Hoewel we vaak genoeg ‘Jij komt zó uit de vorige eeuw’ naar ons hoofd geslingerd krijgen, zijn we blijkbaar hip genoeg om allerhande spullen van ons te lenen of in te pikken.
- Mascara – ‘Hoezo die is alleen voor jou? Ik kan toch wel een beetje lenen? Die van mij is op, moet ik dan zonder de deur uitgaan? Ik dacht het niet.’
- Sneakers – ‘Ja, maar die van mij zijn nat/oud/stuk/te klein/niet leuk en wat geeft het dan als ik die van jou aantrek?’
- G-Star trui – ‘Zeg nou eerlijk, mij staat-ie toch veel beter?’
- Telefoon – ‘Mijn telefoon is stuk/leeg/werkt niet meer/heeft geen geheugen meer, en ik kan toch niet onbereikbaar zijn?’
- Rugzak – ‘Waar moet ik anders mijn gymspullen in doen?’
- Fietssleutel – ‘Het is toch makkelijker als die op mijn kamer ligt? Anders moet ik er steeds naar zoeken als ik jouw fiets pak.’
- Buskaart – ‘Ehm, die van mij is, ehm, een beetje kwijt.’

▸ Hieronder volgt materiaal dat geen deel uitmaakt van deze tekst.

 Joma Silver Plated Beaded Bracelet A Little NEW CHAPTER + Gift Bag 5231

- Sportshirt – ‘Maar die zit gewoon heel lekker.’
- Hardloopbroek – ‘En die zit ook gewoon heel lekker.’
- Shampoo – ‘Die kan beter hier liggen anders gebruikt iedereen het maar, toch?’
- Koptelefoon – ‘Ik ben die van mij kwijt, en jij gebruikt deze toch nooit? Oh wel? Nou ja, dat delen we deze vanaf nu, oke?’

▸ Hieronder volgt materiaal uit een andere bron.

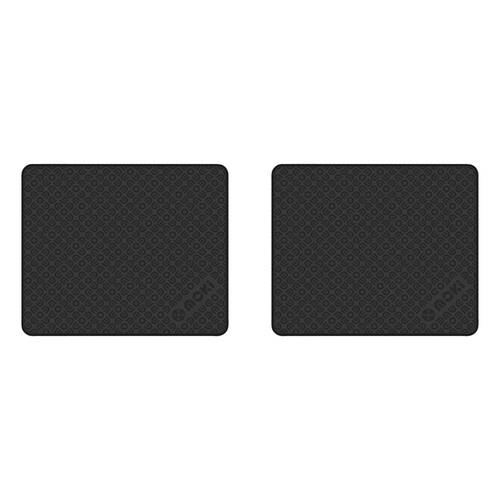 2PK Moki Gaming/Office Mouse Pad Large Non-Slip 32x27cm - Black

- iPad – ‘Ik krijg van jou geen iPad, dus dan is het toch normaal dat ik die van jou leen?’
- Nagellak – ‘Maar jij hebt die kleur wel, en ik niet.’
- Föhn – ‘Hoezo die moet in de douche liggen zodat we die allemaal kunnen gebruiken? Je denkt toch niet dat ik jouw föhn met anderen deel, of zo?’
- Servies van oma – ‘Ja hoor eens, ik kon geen andere kopjes vinden.’
- Goed verstopte chocolade – ‘Had je deze verstopt? Oh, nou ja, ik kwam het gewoon tegen hè.’
- Tijdschriften – ‘Ben ik te jong voor jouw magazines? Waar slaat dat nou weer op?’
- Oorbellen – ‘Ik had zwarte nodig. Die van mij? Ja, die kan ik dus niet vinden.’
- Serum – ‘Wat goed voor jouw huid is, is toch ook goed voor die van mij?’
- Dagcrème – ‘Ik kan er toch niks aan doen dat dat potje 50 euro kost?’
- Neusspray – ‘Mijn neus is verstopt, nou goed?’
- Skisokken- ‘Maar ze zijn zo lekker warm, en we gaan toch niet op wintersport.
- Sjaal – ‘Het was echt koud vanochtend, dus ik dacht dat jij het dan wel goed zou vinden als ik jouw sjaal zou omdoen. Je wilt toch niet dat ik ziek word?’
- Handschoenen – ‘Die passen zo goed bij je sjaal, vandaar.’
- Doucheschuim – ‘Ik gebruik dit om mijn kamer lekker te laten ruiken, daar is toch niks mis mee?’
- Kaasschaaf – ‘Ja, ik weet ook niet hoe dat ding hier komt, hoor.’
- Theepot – ‘Waarom moet ik die weer in de keuken terugzetten? Is toch handig als die hier staat?’
- Bril – ‘Ja, ik moest even een selfie met een bril maken om te kijken of ik een brillenhoofd heb.’
- Laptop – ‘Die van mij is oud/stuk/lelijk/langzaam/versleten, en die van jou niet, dus…’
- Maizena – ‘Hoe denk je anders dat ik slijm kan maken?’